Overview of workflows in AWS Glue - AWS Glue

Overview of workflows in AWS Glue

In AWS Glue, you can use workflows to create and visualize complex extract, transform, and load (ETL) activities involving multiple crawlers, jobs, and triggers. Each workflow manages the execution and monitoring of all its jobs and crawlers. As a workflow runs each component, it records execution progress and status. This provides you with an overview of the larger task and the details of each step. The AWS Glue console provides a visual representation of a workflow as a graph.

You can create a workflow from an AWS Glue blueprint, or you can manually build a workflow a component at a time using the AWS Management Console or the AWS Glue API. For more information about blueprints, see Overview of blueprints in AWS Glue.

Triggers within workflows can start both jobs and crawlers and can be fired when jobs or crawlers complete. By using triggers, you can create large chains of interdependent jobs and crawlers. In addition to triggers within a workflow that define job and crawler dependencies, each workflow has a start trigger. There are three types of start triggers:

  • Schedule – The workflow is started according to a schedule that you define. The schedule can be daily, weekly, monthly, and so on, or can be a custom schedule based on a cron expression.

  • On demand – The workflow is started manually from the AWS Glue console, API, or AWS CLI.

  • EventBridge event – The workflow is started upon the occurrence of a single Amazon EventBridge event or a batch of Amazon EventBridge events. With this trigger type, AWS Glue can be an event consumer in an event-driven architecture. Any EventBridge event type can start a workflow.
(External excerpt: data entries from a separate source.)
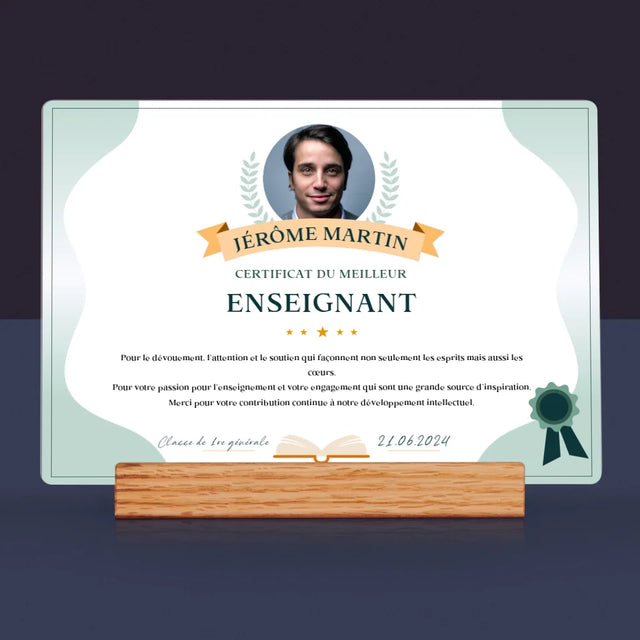 Photo Et Texte: Certificat Du Meilleur Enseignant - Impression Sur Verre Acrylique
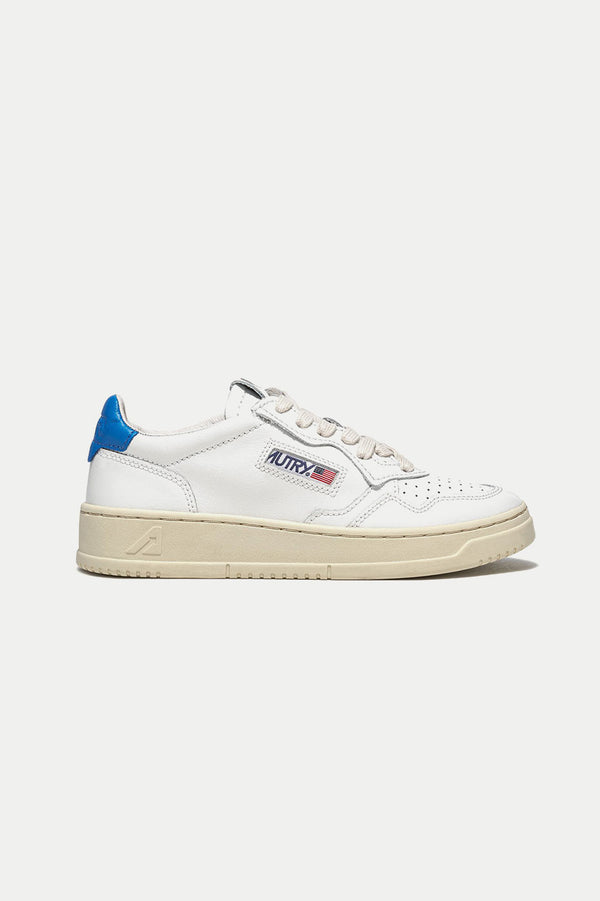 White PBlue Medalist Leather Sneakers Mens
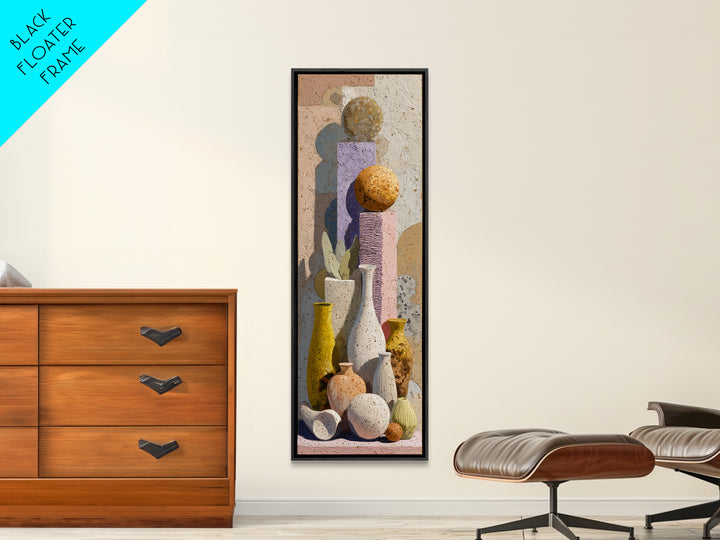 Abstract Clay Shapes Framed Canvas Print, Boho Art, Digital Print, Living Room Decor, Abstract Art, Bohemian, Gallery Decor, BOH-1x3-52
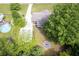Aerial view of the home showing backyard, pool, and firepit/sitting area at 599 Honey Creek Rd, Conyers, GA 30094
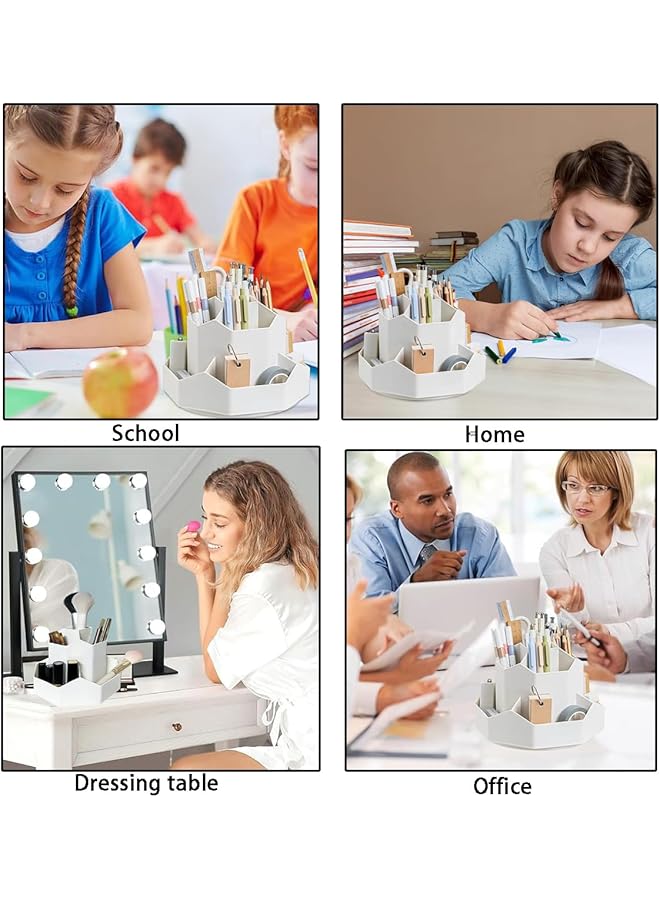 erorex 360 Degree Rotating Desk Organizer With 9 Slots Beige Pen And Pencil Holder For Office Home And Art Supplies Stationery Organizer - Image 2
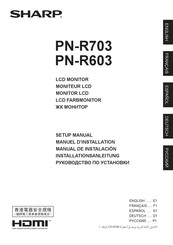 Sharp PN-R703 Manuel D'installation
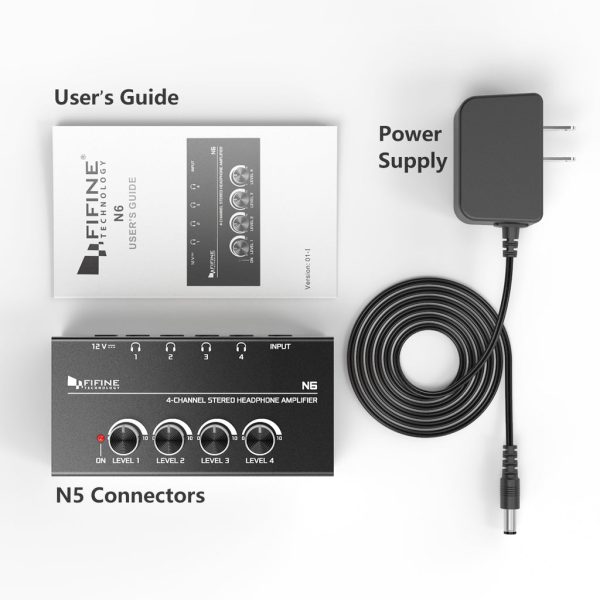 FIFINE N6 Headphone Amplifier with Stereo Output and Individual Volume Controls - Image 3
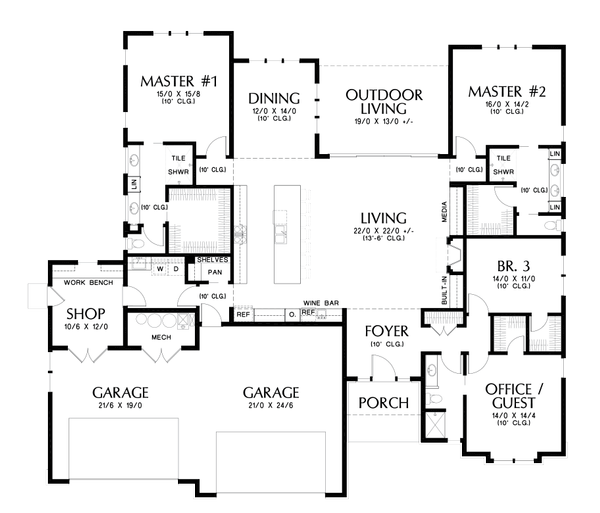 Dream House Plan - Contemporary Floor Plan - Main Floor Plan #48-1022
A common use case is the arrival of a new object in an Amazon S3 bucket (the S3 PutObject operation).

    Starting a workflow with a batch of events means waiting until a specified number of events have been received or until a specified amount of time has passed. When you create the EventBridge event trigger, you can optionally specify batch conditions. If you specify batch conditions, you must specify the batch size (number of events), and can optionally specify a batch window (number of seconds). The default and maximum batch window is 900 seconds (15 minutes). The batch condition that is met first starts the workflow. The batch window starts when the first event arrives. If you don't specify batch conditions when creating a trigger, the batch size defaults to 1.

    When the workflow starts, the batch conditions are reset and the event trigger begins watching for the next batch condition to be met to start the workflow again.

    The following table shows how batch size and batch window operate together to trigger a workflow.

    Batch size Batch window Resulting triggering condition
    10 The workflow is triggered upon the arrival of 10 EventBridge events, or 15 minutes after the arrival of the first event, whichever occurs first. (If windows size isn't specified, it defaults to 15 minutes.)
    10 2 mins The workflow is triggered upon the arrival of 10 EventBridge events, or 2 minutes after the arrival of the first event, whichever occurs first.
    1 The workflow is triggered upon the arrival of the first event. Window size is irrelevant. The batch size defaults to 1 if you don't specify batch conditions when you create the EventBridge event trigger.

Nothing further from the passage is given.